Gemeenten verstrekken in het kader van de Wmo 2015 hulpmiddelen aan inwoners met een fysieke beperking. Gemeenten werken hiervoor samen met één of meerdere leveranciers. De contracten worden periodiek aanbesteed, waarbij een meerderheid van de gemeenten de voorkeur geeft aan een contractrelatie van vijf jaar of langer.
Dienstverlening
Over de prijs en de kwaliteit van de hulpmiddelen zijn de meeste gemeenten positief, zo valt in het onderzoeksrapport te lezen. Over de mate waarin gemeenten door leveranciers worden ontzorgd, bijvoorbeeld in het proces van aanvragen, zijn ze minder te spreken.
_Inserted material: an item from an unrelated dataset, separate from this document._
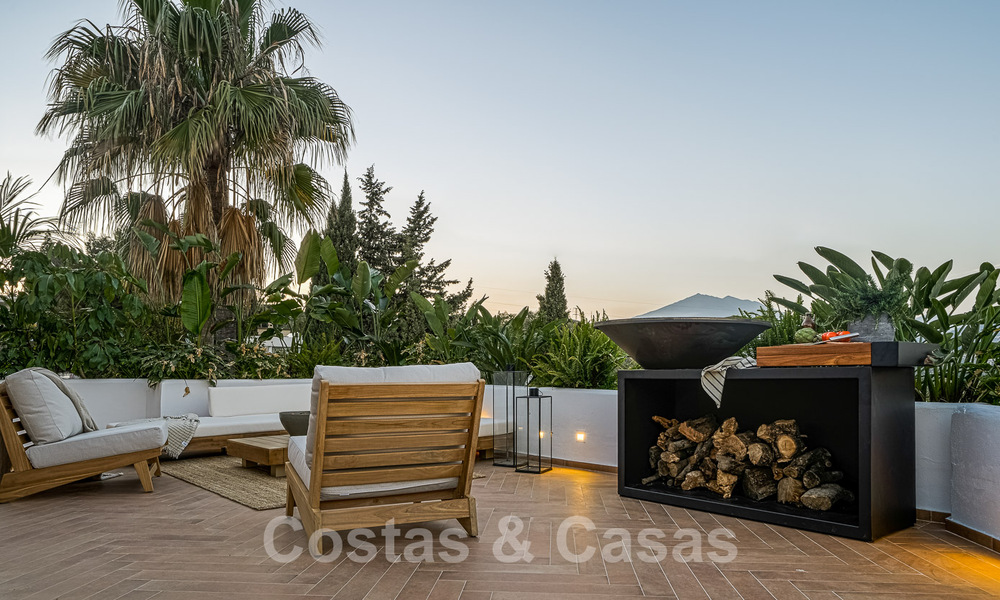 Appartement entièrement rénové à vendre, avec grande terrasse, à distance de marche des commodités et même de Puerto Banus, Marbella 51491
Ook de kwaliteit van de dienstverlening is minder goed dan vooraf is beloofd. Doordat de meeste gemeenten met één leverancier een contract afsluiten, heeft de gebruiker die slechte service ervaart bovendien geen vrijheid om te kiezen voor een andere leverancier.
Gemeenten kiezen een Wmo-hulpmiddelenleverancier overwegend op basis van de prijs. Leveranciers worden hierdoor gedwongen om de dienstverlening te beperken tot de mogelijkheden binnen het contract en is er vaak onvoldoende ruimte voor innovatie en duurzame ontwikkeling, stellen de onderzoekers. Dit druist volgens hen in tegen de ambities van het kabinet Rutte III, dat in het regeerakkoord aangeeft dat “publieke aanbestedingen bij overheidsopdrachten in het sociale domein kunnen bijdragen aan goede en betaalbare ondersteuning en kansen bieden voor nieuwe toetreders en innovatieve vormen van ondersteuning”.
Keuzevrijheid
Meer keuzevrijheid voor gebruikers tussen verschillende leveranciers zou volgens de onderzoekers moeten helpen de huidige problemen op te lossen. Verschillende gemeenten experimenteren al met een nieuwe vorm van aanbesteden met meer keuzevrijheid. Ze sluiten contracten met meerdere Wmo-hulpmiddelenleveranciers en betrekken de wensen van gebruikers in de aanbesteding. Gemeenten die hiermee bezig zijn ervaren positieve resultaten, aldus BS&F.
Ook pleiten gemeenten voor meer samenwerking tussen gemeenten, zorgverzekeraars en zorgkantoren op hulpmiddelengebied. Dit zou ervoor moeten zorgen dat het gebruik en de verstrekking van hulpmiddelen efficiënter wordt georganiseerd tussen verschillende regelingen, opdrachtgevers en leveranciers. Te denken valt aan gezamenlijke inkoop of uitwisseling tussen gemeenten en instellingen binnen de regio.